Per l'angelo, e se le minacce rivolte a suo padre non fossero state per
niente uno scherzo e quel tizio era piombato lì per fargli
del male o, peggio ancora, per rapirlo o ucciderlo? Era un uomo
bellissimo, ok, ma questo non precludeva di certo che potesse anche
essere un pericoloso sicario! Improvvisamente desiderò di
aver controllato dallo spioncino, prima di spalancare con foga la
porta, e soprattutto si maledisse di non aver chiesto a suo padre una
foto del cane da guardia
che avrebbe dovuto proteggerlo, giusto per assicurarsi che quel tizio
davanti a lui fosse davvero chi dovesse essere.
"Bella domanda." rispose l'altro, interrompendo i pensieri frenetici e
deliranti del moro, con una voce profonda e roca che mandò
un lungo e inspiegabile brivido alla colonna vertebrale di Alec. "Al
momento, vorrei un paio di aspirine, una stanza buia e.. trovarmi
ovunque tranne che qui."
"Per l'angelo, che battuta spiritosa!" ironizzò Alec,
portandosi una mano al petto e stringendo maggiormente il pomello della
porta con l'altra. "Le suggerisco caldamente di cominciare dal suo
ultimo desiderio, allora." e detto questo, chiuse l'uscio. O almeno ci
provò, perché lo sconosciuto fu più
lesto di lui e infilò un piede tra lo spigolo e lo stipite.
Alec ridusse gli occhi a due fessure. "Se non toglie subito quel piede,
giuro che glielo spezzo!"
L'altro non si mosse di un millimetro. "Ricominciamo daccapo.
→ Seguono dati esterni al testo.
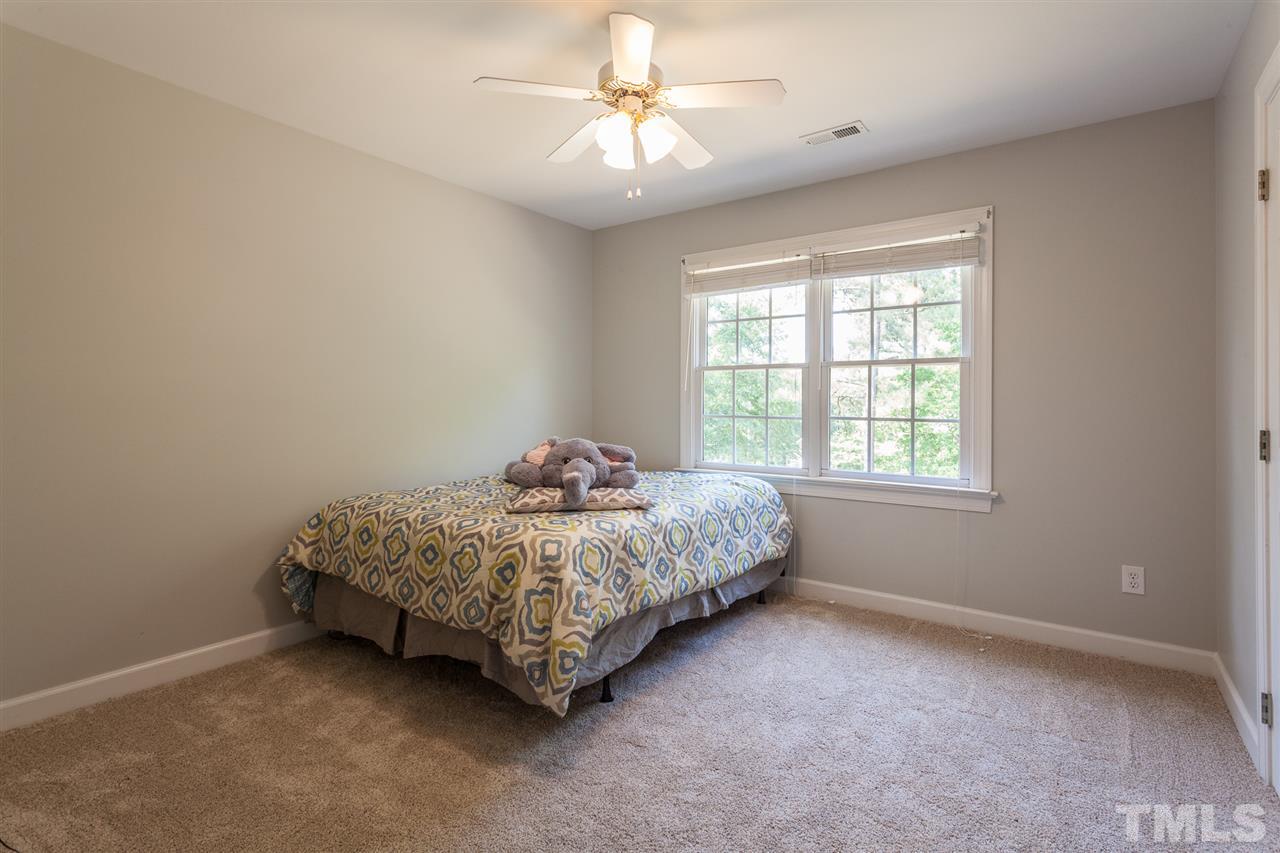 2613 Lizei Street Raleigh, NC 27616 - Photo 24 of 25 a bedroom with a bed and a chandelier fan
Le va?"
"No." rispose Alec, contrariato, tornando a spingere con più
forza contro la porta.
"Mi sta facendo male."
"L'avevo avvertita, no?"
"Lei è.." iniziò l'uomo, bloccandosi subito dopo,
aggrottando la fronte. Si grattò la barba trasandata con una
mano ingioiellata, mentre con l'altra prendeva un foglietto dal
taschino del giubbotto per leggerlo. "Lei è il signor
Alexander Gideon Lightwood?"
Alec decise di ignorare categoricamente il nuovo brivido che gli diede
quella voce non appena pronunciò il suo nome per intero. "Ma
che bravo! Ha fatto i compiti!" borbottò, sarcastico. "Bene,
ora che abbiamo appurato entrambi che conosce il mio nome, anche se ha
dovuto fare lo sforzo di pensarci e recuperare poi un pezzo di carta
quando avrebbe potuto tranquillamente evitarsi la fatica leggendolo
sulla targhetta sopra al campanello.." lo schernì. "Vede?
Proprio qui!" continuò, indicando con un dito il nome
scritto in stampatello su una targhetta dorata. "Cosa stavo dicendo?
Oh, sì! Ora che si è assicurato di avermi
davanti, può anche togliersi dai piedi!" sibilò,
appoggiandosi allo stipite della porta con tutto il proprio peso,
riprovando a sbattergliela sul naso.
Era sicurissimo che sarebbe riuscito a chiudere fuori di casa quel
pazzo psicopatico, ma, ancora una volta, l'altro lo stupì e
Alec sentì improvvisamente la porta muoversi contro di lui.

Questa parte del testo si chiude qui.